Erkki Huhtamo is a Professor of Media History and Theory at UCLA who received his training at the University of Turku, Finland. He is a prominent media archaeology, writer and exhibition curator.

From Kaleidoscomaniac to Cybernerd: Notes toward an Archaeology of the Media [1997]Edit

In this wonderfully lucid and blessedly brief article from Leonardo, Huhtamo proposes a method for media archaeology based on "recurring cyclical phenomena that (re)appear and disappear and reappear over and over again in media history, somehow seeming to transcend specific historical contexts", a sort of "deja vu" experience of media history (222).

Huhtamo opens by questioning the method of more traditional historians, for whom historical relevance is tied to whether or not technological discoveries take effect (aside from just existing). In contrast to this, Huhtamo summons the angel of history, Walter Benjamin, as a reminder that all the debris of man is part of his historical existence. Benjamin opens into a consideration of all the fine work being done in media studies to understand how "artifacts are embedded in the complex discursive fabrics and patterns reigning in a culture" (221). The new media history is one of "multi-layered construct, a dynamic system of relationships" (221). Historians themselves are subject to the ideologies of their time, thus rendering them mediators between past and present.

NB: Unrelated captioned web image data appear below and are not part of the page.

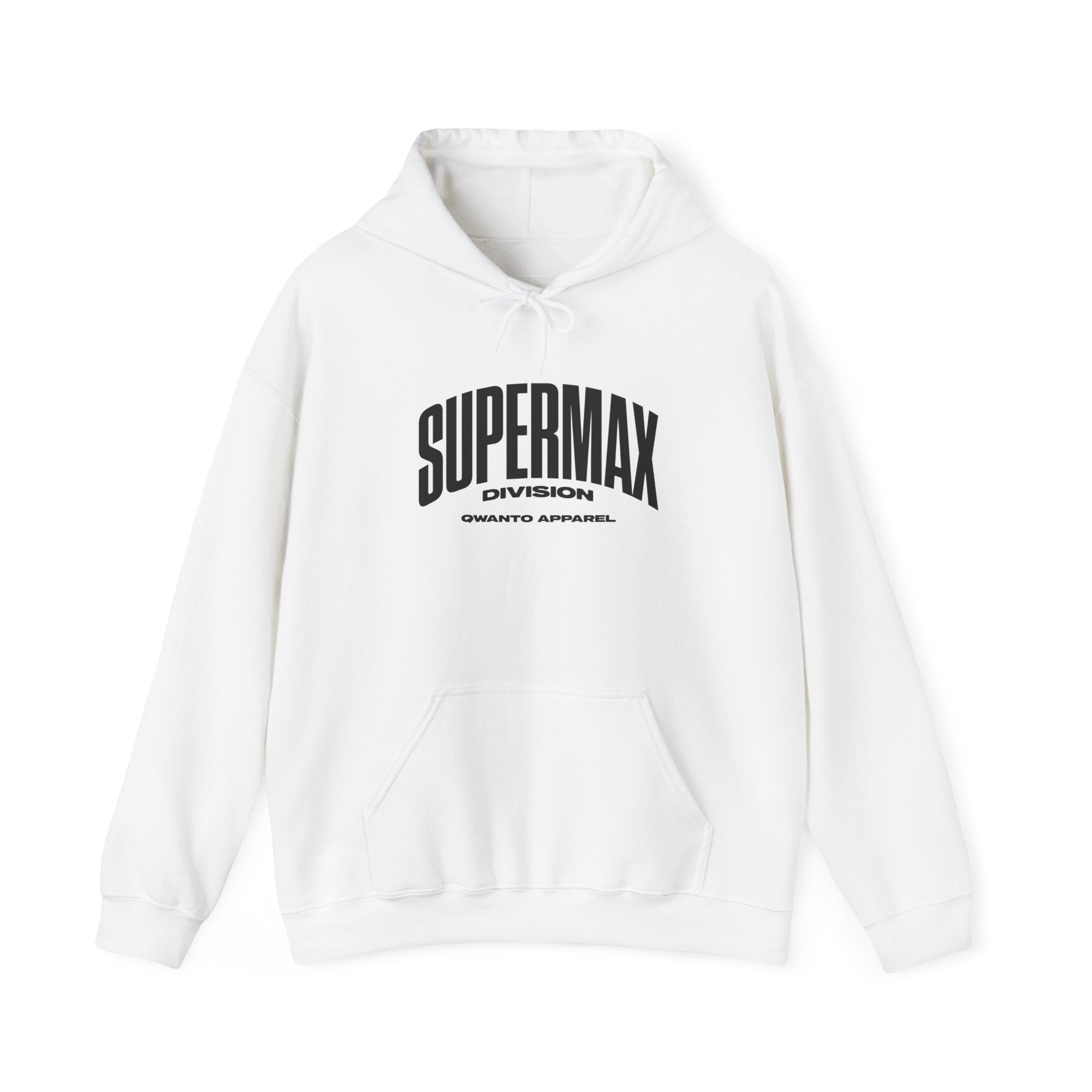 Supermax Division Hoodie | Unisex Vintage Apparel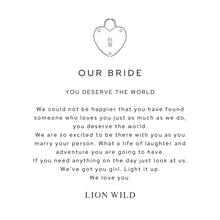 Load image into Gallery viewer, Lion Wild Bride Necklace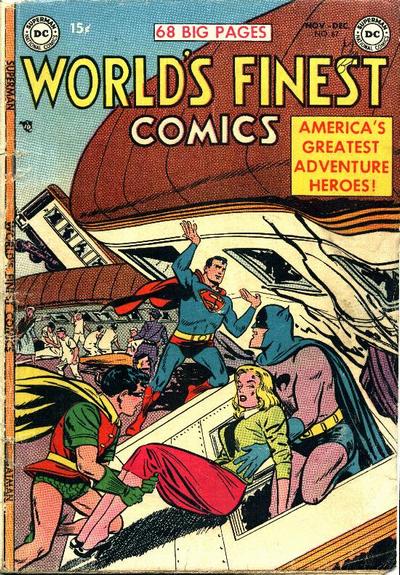 World's Finest Comics (DC, 1941 series) #67 (November-December 1953)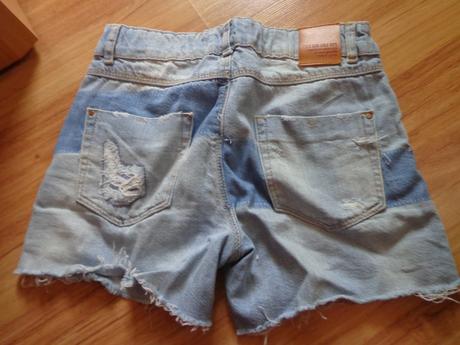 Šortky, zara,140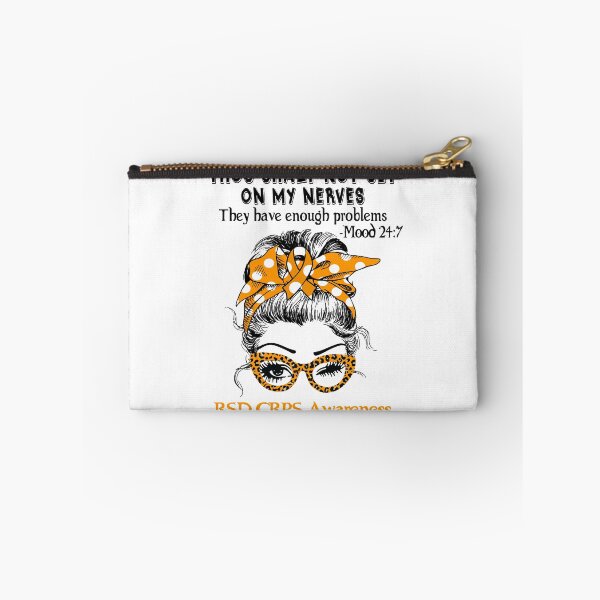 Item preview, RSD CRPS Awareness - Thou Shalt Not Get On My Nerves they have enough problems designed and sold by Aaron309.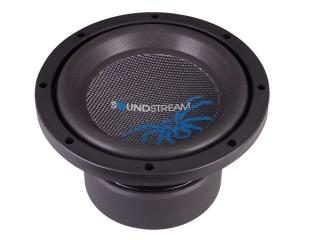 Soundstream R3.8 - subwoofer średnica 8 cali - 20 cm, moc 500 Wat RMS, Impedancja 2x2 Ohm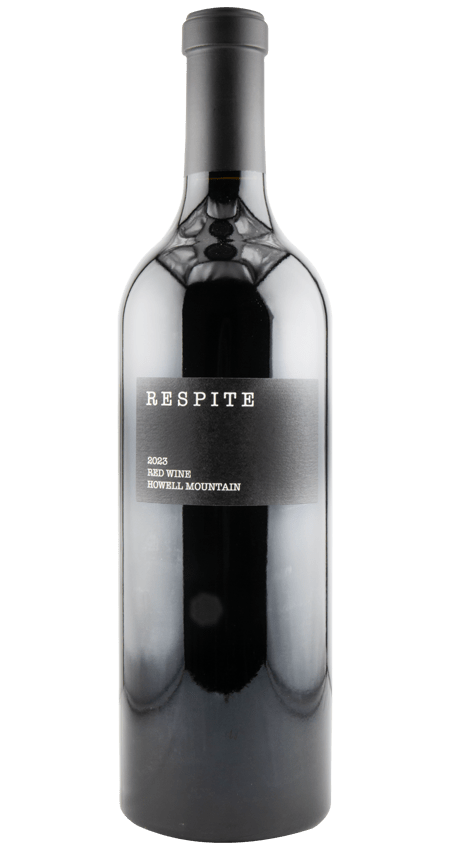 Respite Wines Howell Mountain Cabernet Sauvignon Blend 2023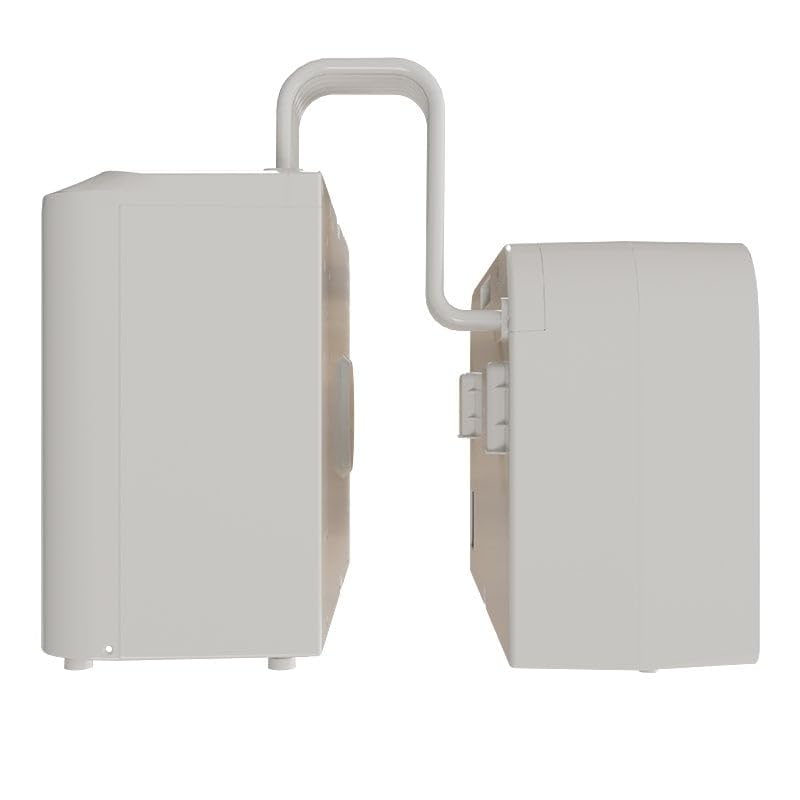 Airfeel Caravan 700 Aire Acondicionado Portátil de Ventana, 700 Frigorías / 2800 BTU, Sin Instalación, 3 Modos, Panel Táctil, 390W, Caravanas Autocaravanas y Habitaciones Pequeñas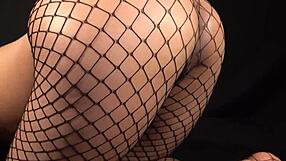 Does he cum in doggy after whipping that big latin ass while she gags and moans?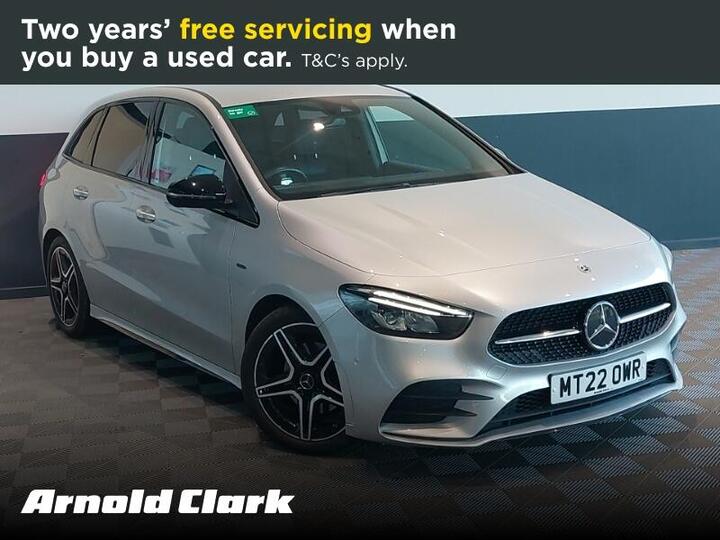 Mercedes-Benz B Class 1.3 B200 AMG Line Edition (Executive) 7G-DCT Euro 6 (s/s) 5dr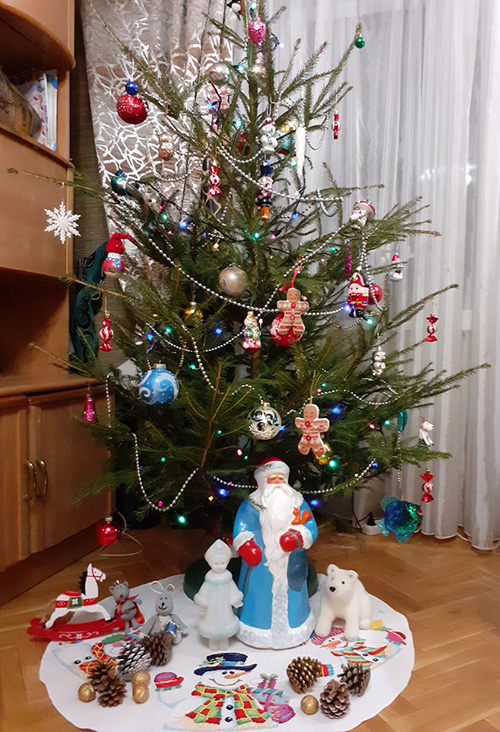 Ёлочка от Елены Зареченской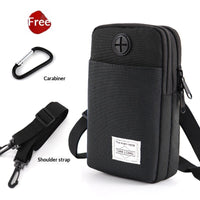 Oxford Cloth Waterproof Outdoor Sports Crossbody Phone Bag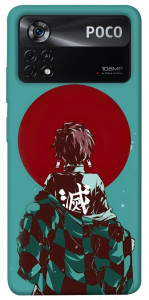 Чохол Demon slayer tanjiro для Xiaomi Poco X4 Pro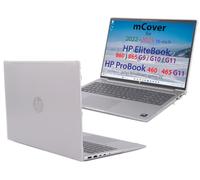 mCover Custodia compatibile solo per HP ProBook 460 | 465 G11 e EliteBook 860 | 865 G9 G10 G11 da 16" 2022 ~ 2025 (Non per altri modelli HP) - Trasparente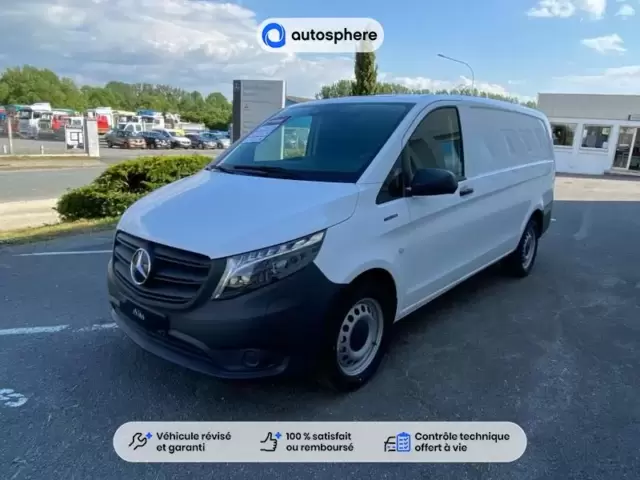 Démonstration Mercedes Vito à NIORT chez Groupe Autosphere Niort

Topoi and Media ArchaeologyEdit

However, Huhtamo's aims are subtely different, and here he distinguishes between new media history (new historicism of media?) and media archaeology. Here, Huhtamo offers the deja vu corollary between kaleidoscomaniacs, stereoscomaniacs, and cybernerd peep show--the viewer who could not look away; he also considers the mutually panicked responses of fantasmagorie viewers and the Lumiere bros. first audience. Incidents distance in time and space can be connect through the cyclicism of their experience. Huhtamo writes, "all these cases 'contain' certain commonplace elements of cultural motives that have been encountered in earlier cultural processes" (222). For Huhtamo, these motives constitute topoi or topics, an idea he borrows from literary studies. Classically, topoi were "storehouses of trains of thought", what would latter become cliches or "formulas, ranging from stylistic to alegorical that make up the 'building blocks' of cultural traditions [...] they provide 'pre-fabricated' molds for experience" (222). Topoi, as they are always cultural, are always ideological (and not, for example, Jungian or pre-conscious).

For Huhtamo, then, media archaeology has 2 goals (223):

  1. the study of the cyclically recurring elements and motives underlying and guiding the development of media culture
  2. the axcavation of the ways in which these discursive traditions and formulations have been 'imprinted' on specific media machines and systems in different historical contexts, contributing to their identity in terms of socially and ideological spcific webs of significiation.

What matters historically is how something has come to be represented (not whether it actually happened that way): "It could be claimed that the reality of media history lies primarily in the discourses that guide and mold its development, other than in the 'things' and 'artifacts' that for writers like Ceram, form the sun around which everything (r)evolves" (222). Here then, in the Foucaultian tradition, we may consider "discursive objects" as what can be cental in the history of media culture [to substitute for the enigmatic treasure of things anterior to discourse, the regular formation of objects that emerge only in discourse]. Thus the analysis is of discursive shifts--much like Kittler's work Discourse Networks 1800/1900. However, here Huhtamo diverges from Foucault in that he does not seek a systematic study of "ideological traditions of discourses reigning in society that are based on the interplay of power and knowledge" [discourse formations] (223). Rather, he aligns himself with what Foucault characterized as a history of ideas, whereby false starts, dead ends and ephemera become more revealing than chronological technology histories, "if our focus is on the meanings that emerge through the social practices related to the use of technology" (223). Thus, unrealized or fantasized machines are just as telling as real ones; what matters is the topoi.